■ **TASK STATEMENT**
Could you return the data that follows exactly, minus the images?

■ **DATASET SECTION**
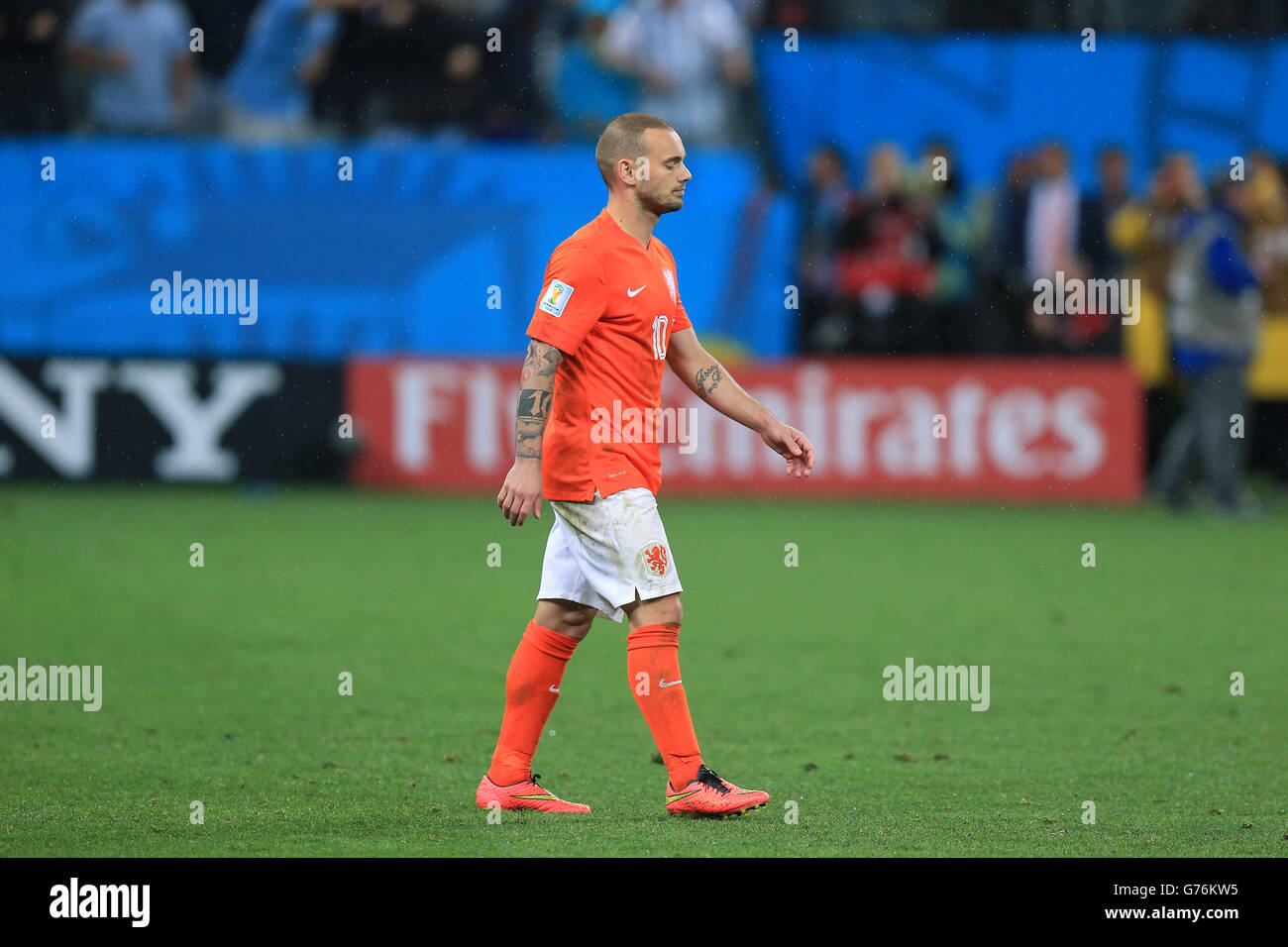 Netherlands' Wesley Sneijder is left dejected after missing a penalty in the shoot-out during the FIFA World Cup Semi Final at the Arena de Sao Paulo, Sao Paulo, Brazil. PRESS ASSOCIATION Photo. Picture date: Wednesday July 9, 2014. See PA story SOCCER Holland. Photo credit should read: Mike Egerton/PA Wire. RESTRICTIONS: . No commercial use. No use with any unofficial 3rd party logos. No manipulation of images. No video emulation Stock Photo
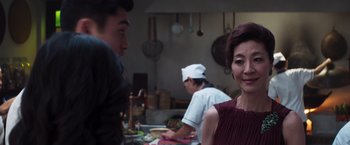 Movie still from “Crazy Rich Asians” (2018), directed by Jon M. Chu – A group of people standing around a kitchen; Close Up shot, Over the shoulder angle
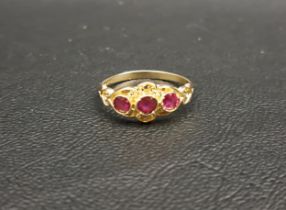 PRETTY RUBY THREE RINE RING on nine carat gold shank with shaped and pierced setting, ring size M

■ **COMPLETED TASK**
 Netherlands' Wesley Sneijder is left dejected after missing a penalty in the shoot-out during the FIFA World Cup Semi Final at the Arena de Sao Paulo, Sao Paulo, Brazil. PRESS ASSOCIATION Photo. Picture date: Wednesday July 9, 2014. See PA story SOCCER Holland. Photo credit should read: Mike Egerton/PA Wire. RESTRICTIONS: . No commercial use. No use with any unofficial 3rd party logos. No manipulation of images. No video emulation Stock Photo
 Movie still from “Crazy Rich Asians” (2018), directed by Jon M. Chu – A group of people standing around a kitchen; Close Up shot, Over the shoulder angle
 PRETTY RUBY THREE RINE RING on nine carat gold shank with shaped and pierced setting, ring size M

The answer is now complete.